André Gorz
André Gorz | |
|---|---|
Gorz (to the right) and his wife, Dorine | |
| Born | Gerhart Hirsch 9 February 1923 |
| Died | 22 September 2007 (aged 84) Vosnon, France |
| Other names | Gérard Horst, Michel Bosquet |
| Philosophical work | |
| Era | 20th-century philosophy |
| Region | Western philosophy |
| School | Continental philosophy New Left |
| Main interests | Political philosophy |
| Notable ideas | Non-reformist reform |
Gérard Horst (French: [ʒeʁaʁ ɔʁst]; né Gerhart Hirsch, Austrian German: [ˈɡeːɐ̯hart hɪrʃ]; 9 February 1923 – 22 September 2007), more commonly known by his pen names André Gorz (French: [ɑ̃dʁe ɡɔʁts]) and Michel Bosquet (French: [miʃɛl bɔskɛ]), was an Austrian-French social philosopher and journalist and critic of work.
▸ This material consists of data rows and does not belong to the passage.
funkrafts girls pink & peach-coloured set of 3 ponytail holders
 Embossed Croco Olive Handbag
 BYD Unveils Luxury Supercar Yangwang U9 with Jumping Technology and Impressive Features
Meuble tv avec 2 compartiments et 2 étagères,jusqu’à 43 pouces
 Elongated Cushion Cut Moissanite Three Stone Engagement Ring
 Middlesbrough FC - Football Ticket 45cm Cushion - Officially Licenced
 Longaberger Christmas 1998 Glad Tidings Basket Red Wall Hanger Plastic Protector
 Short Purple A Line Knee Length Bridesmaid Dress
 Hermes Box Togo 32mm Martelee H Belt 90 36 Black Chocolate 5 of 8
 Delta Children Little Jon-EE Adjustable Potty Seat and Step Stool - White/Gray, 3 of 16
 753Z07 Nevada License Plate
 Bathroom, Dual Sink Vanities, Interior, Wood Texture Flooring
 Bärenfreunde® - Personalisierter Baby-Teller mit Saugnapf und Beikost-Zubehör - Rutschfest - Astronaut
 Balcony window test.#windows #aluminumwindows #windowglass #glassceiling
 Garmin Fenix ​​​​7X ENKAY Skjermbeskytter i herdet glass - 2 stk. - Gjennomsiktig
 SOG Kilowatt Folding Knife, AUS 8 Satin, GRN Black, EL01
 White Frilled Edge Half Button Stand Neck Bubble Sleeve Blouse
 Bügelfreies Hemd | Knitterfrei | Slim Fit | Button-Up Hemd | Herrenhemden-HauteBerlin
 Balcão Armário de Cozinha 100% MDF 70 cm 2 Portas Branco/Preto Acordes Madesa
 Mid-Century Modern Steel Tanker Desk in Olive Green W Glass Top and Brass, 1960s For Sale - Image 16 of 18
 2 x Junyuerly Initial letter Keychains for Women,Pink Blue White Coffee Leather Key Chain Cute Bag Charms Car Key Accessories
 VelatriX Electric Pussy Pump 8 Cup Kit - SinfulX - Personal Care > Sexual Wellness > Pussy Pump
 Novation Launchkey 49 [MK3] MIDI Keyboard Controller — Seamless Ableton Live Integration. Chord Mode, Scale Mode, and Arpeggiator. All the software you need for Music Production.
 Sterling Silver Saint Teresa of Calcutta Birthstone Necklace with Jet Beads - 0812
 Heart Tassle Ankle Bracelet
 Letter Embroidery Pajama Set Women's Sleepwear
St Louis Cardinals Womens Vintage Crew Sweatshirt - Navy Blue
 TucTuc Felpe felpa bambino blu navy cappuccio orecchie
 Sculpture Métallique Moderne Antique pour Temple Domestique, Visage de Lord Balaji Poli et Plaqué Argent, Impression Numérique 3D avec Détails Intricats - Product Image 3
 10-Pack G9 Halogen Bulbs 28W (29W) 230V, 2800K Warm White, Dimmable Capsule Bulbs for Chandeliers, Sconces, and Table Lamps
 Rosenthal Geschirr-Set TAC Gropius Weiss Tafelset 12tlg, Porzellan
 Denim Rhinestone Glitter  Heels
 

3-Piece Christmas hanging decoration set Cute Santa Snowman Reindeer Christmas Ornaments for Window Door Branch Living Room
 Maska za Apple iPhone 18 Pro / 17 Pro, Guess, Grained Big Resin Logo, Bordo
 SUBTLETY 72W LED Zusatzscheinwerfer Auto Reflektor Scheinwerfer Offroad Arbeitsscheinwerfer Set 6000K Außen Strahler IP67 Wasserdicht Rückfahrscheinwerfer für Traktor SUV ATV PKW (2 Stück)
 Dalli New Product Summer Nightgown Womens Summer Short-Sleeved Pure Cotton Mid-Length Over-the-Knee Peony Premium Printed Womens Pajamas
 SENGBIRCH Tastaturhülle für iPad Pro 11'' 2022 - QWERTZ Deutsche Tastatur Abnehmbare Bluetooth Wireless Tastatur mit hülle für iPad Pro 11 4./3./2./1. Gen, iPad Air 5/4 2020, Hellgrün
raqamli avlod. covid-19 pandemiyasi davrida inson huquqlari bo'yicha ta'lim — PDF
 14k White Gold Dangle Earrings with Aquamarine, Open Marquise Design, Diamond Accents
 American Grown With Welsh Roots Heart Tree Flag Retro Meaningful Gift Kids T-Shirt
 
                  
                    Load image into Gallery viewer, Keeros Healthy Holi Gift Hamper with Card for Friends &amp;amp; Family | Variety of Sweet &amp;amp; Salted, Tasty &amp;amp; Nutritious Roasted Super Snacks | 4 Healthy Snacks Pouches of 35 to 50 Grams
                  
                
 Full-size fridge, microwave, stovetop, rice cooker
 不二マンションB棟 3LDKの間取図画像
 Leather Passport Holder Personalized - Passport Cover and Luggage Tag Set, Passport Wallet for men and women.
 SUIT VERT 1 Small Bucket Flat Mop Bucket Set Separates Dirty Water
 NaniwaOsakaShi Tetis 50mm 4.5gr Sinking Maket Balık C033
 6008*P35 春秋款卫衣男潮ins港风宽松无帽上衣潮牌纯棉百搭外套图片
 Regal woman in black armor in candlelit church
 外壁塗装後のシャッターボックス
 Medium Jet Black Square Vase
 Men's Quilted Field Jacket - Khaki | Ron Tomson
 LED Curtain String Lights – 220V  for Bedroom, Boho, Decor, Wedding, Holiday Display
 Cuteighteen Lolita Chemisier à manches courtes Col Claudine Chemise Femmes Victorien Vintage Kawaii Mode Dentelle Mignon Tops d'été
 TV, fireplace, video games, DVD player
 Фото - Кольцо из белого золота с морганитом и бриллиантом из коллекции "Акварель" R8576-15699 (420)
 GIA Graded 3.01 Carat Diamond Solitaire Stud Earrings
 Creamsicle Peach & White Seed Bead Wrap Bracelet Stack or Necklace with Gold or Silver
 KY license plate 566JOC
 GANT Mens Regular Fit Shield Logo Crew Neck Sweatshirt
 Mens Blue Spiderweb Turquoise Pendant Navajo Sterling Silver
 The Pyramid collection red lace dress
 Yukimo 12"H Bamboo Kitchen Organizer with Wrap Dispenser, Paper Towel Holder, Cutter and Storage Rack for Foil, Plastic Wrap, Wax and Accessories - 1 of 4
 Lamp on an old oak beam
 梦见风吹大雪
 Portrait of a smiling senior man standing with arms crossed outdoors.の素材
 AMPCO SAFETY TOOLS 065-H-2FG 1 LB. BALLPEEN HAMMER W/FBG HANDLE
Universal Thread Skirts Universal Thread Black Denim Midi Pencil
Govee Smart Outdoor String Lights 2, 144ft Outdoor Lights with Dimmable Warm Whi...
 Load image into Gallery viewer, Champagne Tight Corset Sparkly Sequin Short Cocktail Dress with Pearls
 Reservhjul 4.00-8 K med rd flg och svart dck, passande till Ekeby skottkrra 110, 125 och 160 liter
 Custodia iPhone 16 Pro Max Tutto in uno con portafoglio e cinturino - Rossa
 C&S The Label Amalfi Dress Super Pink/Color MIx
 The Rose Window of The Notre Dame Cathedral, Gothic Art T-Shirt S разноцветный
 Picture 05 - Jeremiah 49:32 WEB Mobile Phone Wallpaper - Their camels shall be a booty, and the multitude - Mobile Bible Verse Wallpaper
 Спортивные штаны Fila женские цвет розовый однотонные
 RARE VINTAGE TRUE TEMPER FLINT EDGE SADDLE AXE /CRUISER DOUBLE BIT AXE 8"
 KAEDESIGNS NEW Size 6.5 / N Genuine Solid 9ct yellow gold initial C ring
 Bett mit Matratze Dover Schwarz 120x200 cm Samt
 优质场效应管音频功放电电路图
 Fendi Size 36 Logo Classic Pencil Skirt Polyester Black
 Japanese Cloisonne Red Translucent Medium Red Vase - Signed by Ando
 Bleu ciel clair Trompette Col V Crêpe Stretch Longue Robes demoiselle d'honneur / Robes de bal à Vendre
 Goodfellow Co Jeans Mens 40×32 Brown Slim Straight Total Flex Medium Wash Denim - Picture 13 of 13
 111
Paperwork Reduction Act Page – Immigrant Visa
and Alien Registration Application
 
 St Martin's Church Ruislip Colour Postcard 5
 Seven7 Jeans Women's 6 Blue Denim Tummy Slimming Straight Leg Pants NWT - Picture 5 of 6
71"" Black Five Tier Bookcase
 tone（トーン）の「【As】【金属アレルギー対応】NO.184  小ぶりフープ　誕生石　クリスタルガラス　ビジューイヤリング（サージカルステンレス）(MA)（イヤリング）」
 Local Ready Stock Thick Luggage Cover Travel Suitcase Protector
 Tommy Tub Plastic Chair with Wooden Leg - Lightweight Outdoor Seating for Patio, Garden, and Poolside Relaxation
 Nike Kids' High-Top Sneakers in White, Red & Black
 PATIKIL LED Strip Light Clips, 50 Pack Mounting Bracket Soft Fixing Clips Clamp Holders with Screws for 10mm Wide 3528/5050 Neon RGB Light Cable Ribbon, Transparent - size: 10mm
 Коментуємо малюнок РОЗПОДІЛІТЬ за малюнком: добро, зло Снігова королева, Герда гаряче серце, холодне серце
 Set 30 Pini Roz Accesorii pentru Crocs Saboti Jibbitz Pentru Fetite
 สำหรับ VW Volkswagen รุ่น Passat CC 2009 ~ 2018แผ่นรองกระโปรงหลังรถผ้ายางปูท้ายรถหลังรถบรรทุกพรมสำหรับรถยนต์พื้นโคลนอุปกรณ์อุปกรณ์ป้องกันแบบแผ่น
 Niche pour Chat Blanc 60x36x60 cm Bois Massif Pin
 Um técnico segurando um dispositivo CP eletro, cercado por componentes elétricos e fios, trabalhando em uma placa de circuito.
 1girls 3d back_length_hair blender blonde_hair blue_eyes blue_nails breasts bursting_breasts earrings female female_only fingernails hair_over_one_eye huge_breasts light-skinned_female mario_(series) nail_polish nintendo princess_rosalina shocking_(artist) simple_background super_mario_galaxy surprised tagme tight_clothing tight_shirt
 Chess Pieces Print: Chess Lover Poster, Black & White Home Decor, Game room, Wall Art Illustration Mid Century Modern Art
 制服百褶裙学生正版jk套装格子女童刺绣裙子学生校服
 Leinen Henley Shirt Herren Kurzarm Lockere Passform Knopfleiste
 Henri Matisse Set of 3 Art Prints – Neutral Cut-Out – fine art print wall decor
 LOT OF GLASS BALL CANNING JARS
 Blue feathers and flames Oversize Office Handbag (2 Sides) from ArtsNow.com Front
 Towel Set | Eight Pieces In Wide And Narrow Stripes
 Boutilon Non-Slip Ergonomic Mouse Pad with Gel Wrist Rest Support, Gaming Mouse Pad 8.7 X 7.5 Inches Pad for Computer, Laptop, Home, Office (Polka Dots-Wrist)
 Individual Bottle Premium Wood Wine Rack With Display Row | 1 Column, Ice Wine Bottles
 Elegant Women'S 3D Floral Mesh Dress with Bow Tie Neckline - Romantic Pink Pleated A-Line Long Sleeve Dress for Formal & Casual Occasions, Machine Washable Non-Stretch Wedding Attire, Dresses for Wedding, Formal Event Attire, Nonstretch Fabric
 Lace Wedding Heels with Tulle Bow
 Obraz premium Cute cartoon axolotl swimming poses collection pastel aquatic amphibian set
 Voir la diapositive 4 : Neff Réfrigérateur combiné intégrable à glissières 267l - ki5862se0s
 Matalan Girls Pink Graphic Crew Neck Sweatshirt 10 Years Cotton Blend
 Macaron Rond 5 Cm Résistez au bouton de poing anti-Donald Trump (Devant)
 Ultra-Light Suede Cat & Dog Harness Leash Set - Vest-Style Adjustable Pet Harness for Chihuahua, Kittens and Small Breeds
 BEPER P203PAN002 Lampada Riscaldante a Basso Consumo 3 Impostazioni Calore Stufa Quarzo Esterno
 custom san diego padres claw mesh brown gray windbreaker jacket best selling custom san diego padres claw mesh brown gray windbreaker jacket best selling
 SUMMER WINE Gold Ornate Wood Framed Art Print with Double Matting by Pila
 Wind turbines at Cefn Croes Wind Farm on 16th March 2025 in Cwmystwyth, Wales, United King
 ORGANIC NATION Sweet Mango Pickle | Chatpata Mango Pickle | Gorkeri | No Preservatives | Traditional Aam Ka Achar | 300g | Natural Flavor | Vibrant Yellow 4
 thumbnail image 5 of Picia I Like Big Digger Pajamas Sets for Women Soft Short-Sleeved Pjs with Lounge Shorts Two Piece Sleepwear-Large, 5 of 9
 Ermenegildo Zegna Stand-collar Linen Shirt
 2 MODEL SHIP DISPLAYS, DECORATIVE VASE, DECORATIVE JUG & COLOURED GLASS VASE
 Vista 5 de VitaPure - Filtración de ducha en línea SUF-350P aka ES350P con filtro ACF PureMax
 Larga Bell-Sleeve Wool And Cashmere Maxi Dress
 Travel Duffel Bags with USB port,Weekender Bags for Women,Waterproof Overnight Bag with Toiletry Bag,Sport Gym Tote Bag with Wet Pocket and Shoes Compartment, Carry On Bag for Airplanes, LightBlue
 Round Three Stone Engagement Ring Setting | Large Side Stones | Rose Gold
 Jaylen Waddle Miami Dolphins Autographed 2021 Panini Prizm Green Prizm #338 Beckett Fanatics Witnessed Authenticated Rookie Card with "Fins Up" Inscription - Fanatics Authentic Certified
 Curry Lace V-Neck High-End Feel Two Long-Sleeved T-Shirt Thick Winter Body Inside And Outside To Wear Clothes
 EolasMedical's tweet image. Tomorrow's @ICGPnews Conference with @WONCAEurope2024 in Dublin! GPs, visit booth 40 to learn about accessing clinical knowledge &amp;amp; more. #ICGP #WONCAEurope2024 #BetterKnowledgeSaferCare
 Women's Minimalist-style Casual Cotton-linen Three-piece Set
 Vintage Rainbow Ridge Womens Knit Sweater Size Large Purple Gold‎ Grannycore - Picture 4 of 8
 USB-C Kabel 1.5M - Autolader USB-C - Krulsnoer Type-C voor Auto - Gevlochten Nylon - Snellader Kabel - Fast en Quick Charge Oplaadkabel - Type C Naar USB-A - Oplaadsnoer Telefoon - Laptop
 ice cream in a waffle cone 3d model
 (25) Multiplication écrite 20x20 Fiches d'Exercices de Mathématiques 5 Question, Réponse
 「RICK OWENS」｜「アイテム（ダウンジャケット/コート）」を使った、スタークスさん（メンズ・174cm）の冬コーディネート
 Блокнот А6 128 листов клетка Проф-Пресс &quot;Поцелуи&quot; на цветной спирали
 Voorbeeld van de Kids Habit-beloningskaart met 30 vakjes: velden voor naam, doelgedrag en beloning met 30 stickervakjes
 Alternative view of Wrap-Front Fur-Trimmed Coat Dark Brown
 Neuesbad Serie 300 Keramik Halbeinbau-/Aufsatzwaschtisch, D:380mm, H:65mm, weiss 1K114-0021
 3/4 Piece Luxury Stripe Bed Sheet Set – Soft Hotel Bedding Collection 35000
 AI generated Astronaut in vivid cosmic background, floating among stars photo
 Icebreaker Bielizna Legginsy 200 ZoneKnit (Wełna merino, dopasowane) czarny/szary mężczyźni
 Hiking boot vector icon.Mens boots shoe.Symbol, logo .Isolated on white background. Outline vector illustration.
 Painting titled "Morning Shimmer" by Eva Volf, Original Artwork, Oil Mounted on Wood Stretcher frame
He co-founded Le Nouvel Observateur weekly in 1964. A supporter of Jean-Paul Sartre's existentialist version of Marxism after the World War II, he became in the aftermath of the May 68 student riots more concerned with political ecology.
In the 1960s and 1970s, he was a main theorist in the New Left movement and coined the concept of non-reformist reform. His central theme was wage labour issues such as liberation from work, the just distribution of work, social alienation, and a guaranteed basic income.